With two games remaining, Maine is in position to win its first Colonial Athletic Association title in five years. Entering Saturday’s game at Richmond, the Black Bears are 6-3, 5-1 in the CAA and tied with Delaware for first. If Maine wins its last two games, it will clinch the league’s automatic bid to the NCAA Football Championship Subdivision playoffs.

The Black Bears aren’t thinking that far ahead. They know they can’t overlook Richmond (3-6, 1-5), after losing to William & Mary (3-5, 2-3) three weeks ago.

“We know it’s out there,” said sophomore quarterback Chris Ferguson. “But we’ve got to stay humble. We’re not going to get complacent.”

If Maine is going to be successful, Jefferson is going to be a big part of it. Despite missing that injury time, he leads Maine with 515 rushing yards and five touchdowns. He averages 5.9 yards per carry.

The 5-foot-9, 175-pound Jefferson came to Maine from Harry S. Truman High School in the Bronx, where he ran for 5,456 yards and 52 touchdowns in his career.

“Maine was really the place that took a chance on me,” he said. “A lot of other schools recruited me but some said I wasn’t big enough, or not fast enough. Maine was the first team that talked to me and put some love out there for me. Then when I came for a visit and talked to the coaches and the players, it felt like a big family to me. And that was important.”
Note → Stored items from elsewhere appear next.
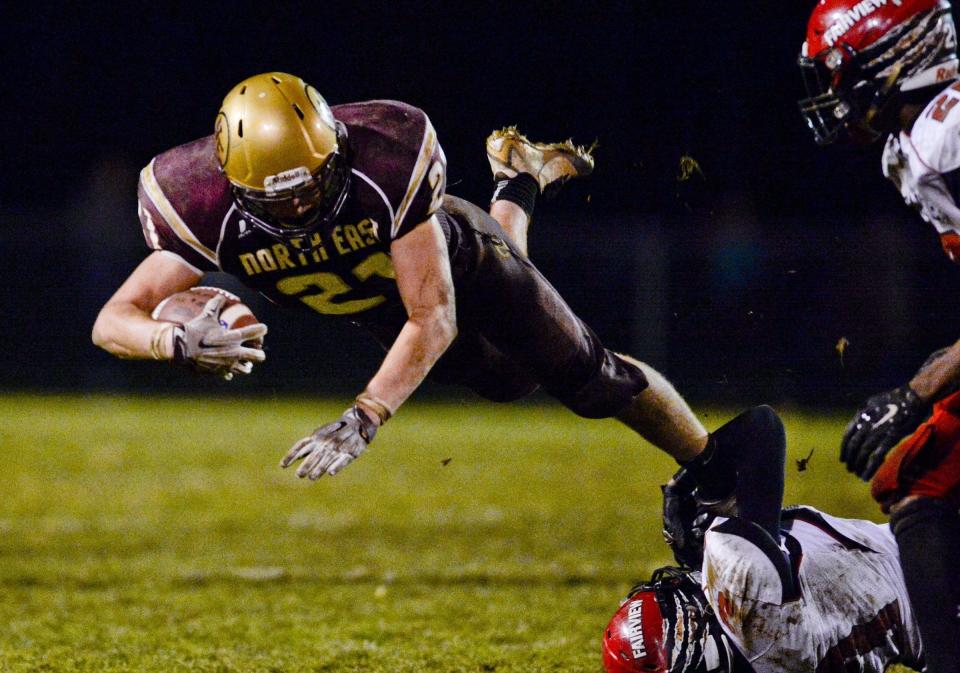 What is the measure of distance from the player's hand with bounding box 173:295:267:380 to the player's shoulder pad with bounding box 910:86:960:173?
1.68 meters

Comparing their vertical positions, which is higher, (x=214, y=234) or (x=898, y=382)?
(x=214, y=234)

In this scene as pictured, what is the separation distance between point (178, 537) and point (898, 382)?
27.3 ft

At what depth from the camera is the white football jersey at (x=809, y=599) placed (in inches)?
117

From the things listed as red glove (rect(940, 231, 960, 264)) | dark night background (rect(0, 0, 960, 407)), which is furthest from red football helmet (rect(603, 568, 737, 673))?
dark night background (rect(0, 0, 960, 407))

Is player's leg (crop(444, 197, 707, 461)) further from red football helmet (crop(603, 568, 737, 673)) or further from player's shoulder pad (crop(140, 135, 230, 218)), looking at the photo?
red football helmet (crop(603, 568, 737, 673))

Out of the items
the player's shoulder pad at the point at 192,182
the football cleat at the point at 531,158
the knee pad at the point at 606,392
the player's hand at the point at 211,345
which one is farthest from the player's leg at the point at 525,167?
the player's hand at the point at 211,345

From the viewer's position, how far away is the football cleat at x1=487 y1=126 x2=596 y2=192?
446cm

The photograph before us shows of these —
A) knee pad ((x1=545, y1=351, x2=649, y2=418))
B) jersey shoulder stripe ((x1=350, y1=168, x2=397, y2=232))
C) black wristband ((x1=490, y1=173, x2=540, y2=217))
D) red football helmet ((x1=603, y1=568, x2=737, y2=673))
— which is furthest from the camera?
black wristband ((x1=490, y1=173, x2=540, y2=217))

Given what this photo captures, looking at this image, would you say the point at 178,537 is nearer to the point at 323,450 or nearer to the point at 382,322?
the point at 382,322

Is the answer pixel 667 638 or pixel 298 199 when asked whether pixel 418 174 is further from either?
pixel 667 638

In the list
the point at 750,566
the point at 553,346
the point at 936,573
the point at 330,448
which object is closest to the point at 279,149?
the point at 330,448

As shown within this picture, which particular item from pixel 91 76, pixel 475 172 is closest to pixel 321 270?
pixel 475 172

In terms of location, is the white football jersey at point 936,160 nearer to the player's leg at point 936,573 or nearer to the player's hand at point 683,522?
the player's leg at point 936,573

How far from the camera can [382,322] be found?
3.94 meters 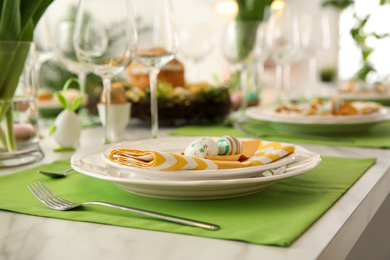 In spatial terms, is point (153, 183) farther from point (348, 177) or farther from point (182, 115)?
point (182, 115)

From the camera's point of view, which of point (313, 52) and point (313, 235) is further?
point (313, 52)

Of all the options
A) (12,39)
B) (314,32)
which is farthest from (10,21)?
(314,32)

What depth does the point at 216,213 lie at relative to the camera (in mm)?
568

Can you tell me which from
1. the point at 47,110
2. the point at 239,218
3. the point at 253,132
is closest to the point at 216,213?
the point at 239,218

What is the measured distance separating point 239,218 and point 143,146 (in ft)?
0.95

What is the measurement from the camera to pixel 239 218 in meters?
0.55

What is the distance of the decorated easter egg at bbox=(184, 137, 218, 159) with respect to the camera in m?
0.68

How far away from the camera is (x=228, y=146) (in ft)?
2.28

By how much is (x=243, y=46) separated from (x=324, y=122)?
45 cm

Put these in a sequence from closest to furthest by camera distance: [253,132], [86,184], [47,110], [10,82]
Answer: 1. [86,184]
2. [10,82]
3. [253,132]
4. [47,110]

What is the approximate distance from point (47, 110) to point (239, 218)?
1233 mm

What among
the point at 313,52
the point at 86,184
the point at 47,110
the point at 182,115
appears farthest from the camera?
the point at 313,52

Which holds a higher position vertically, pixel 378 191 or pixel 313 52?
pixel 313 52

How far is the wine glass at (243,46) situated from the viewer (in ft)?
4.89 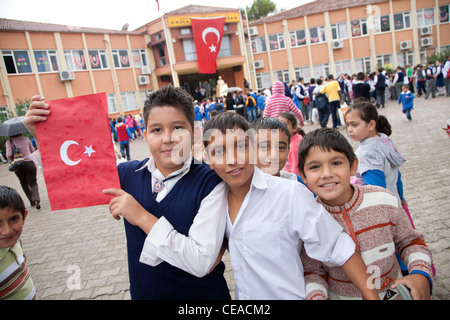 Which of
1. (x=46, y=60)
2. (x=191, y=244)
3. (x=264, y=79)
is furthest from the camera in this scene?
(x=264, y=79)

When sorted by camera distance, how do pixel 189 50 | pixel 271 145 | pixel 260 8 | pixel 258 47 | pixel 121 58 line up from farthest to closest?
1. pixel 260 8
2. pixel 258 47
3. pixel 189 50
4. pixel 121 58
5. pixel 271 145

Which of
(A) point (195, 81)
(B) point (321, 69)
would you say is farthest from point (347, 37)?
(A) point (195, 81)

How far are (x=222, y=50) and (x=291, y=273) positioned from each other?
2776cm

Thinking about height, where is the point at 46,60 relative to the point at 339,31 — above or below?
A: above

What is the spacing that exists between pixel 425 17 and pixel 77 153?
3617 cm

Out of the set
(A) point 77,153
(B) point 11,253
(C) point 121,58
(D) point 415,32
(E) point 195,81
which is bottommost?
(B) point 11,253

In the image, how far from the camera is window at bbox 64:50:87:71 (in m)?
22.5

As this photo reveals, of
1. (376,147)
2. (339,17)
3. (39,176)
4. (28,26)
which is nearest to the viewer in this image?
(376,147)

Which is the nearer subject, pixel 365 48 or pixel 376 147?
pixel 376 147

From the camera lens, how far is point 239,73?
91.9 ft

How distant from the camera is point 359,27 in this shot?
27.7m

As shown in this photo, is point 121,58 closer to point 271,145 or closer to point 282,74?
point 282,74

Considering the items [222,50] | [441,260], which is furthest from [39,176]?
[222,50] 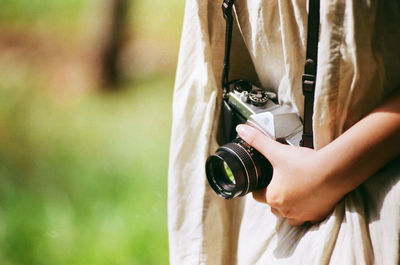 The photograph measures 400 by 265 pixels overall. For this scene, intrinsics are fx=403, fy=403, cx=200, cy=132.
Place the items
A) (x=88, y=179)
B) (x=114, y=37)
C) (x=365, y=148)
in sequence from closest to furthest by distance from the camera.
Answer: (x=365, y=148), (x=88, y=179), (x=114, y=37)

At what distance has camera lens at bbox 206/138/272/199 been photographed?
0.51m

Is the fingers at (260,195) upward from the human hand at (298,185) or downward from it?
downward

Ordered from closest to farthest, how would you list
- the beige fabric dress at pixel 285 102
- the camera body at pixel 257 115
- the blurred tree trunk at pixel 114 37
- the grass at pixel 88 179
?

He was redshirted as a freshman. And while he called it a “humbling experience,” he said sitting out was very beneficial.

“It taught me there was a lot more to football than just going out and executing plays,” he said. “I learned how to read defenses, watch film, do my job. And it helped me bond with my teammates.”

When Josh Mack, who led the nation in rushing last year, transferred, Jefferson knew he’d be getting a chance. And now that he’s healthy, his workload is increasing. “It just feels good to know that my coaches and my teammates trust me enough to put me in that position,” he said.

Maine Coach Joe Harasymiak said the Black Bears have to continue to get him the ball.

“He’s our home run hitter at the tailback position,” Harasymiak said. “He makes a lot of guys miss.”

In last week’s win at Towson, Jefferson showed a tremendous burst of speed on a 64-yard touchdown run. He also scored on a 2-yard run and finally the winning touchdown on a 6-yard run in which he was hit at the 5 and then powered into the end zone with a big push from this teammates.

Ferguson said that play showed Maine’s determination.

“We’re a tough team and we’ve got a will to win,” said Ferguson.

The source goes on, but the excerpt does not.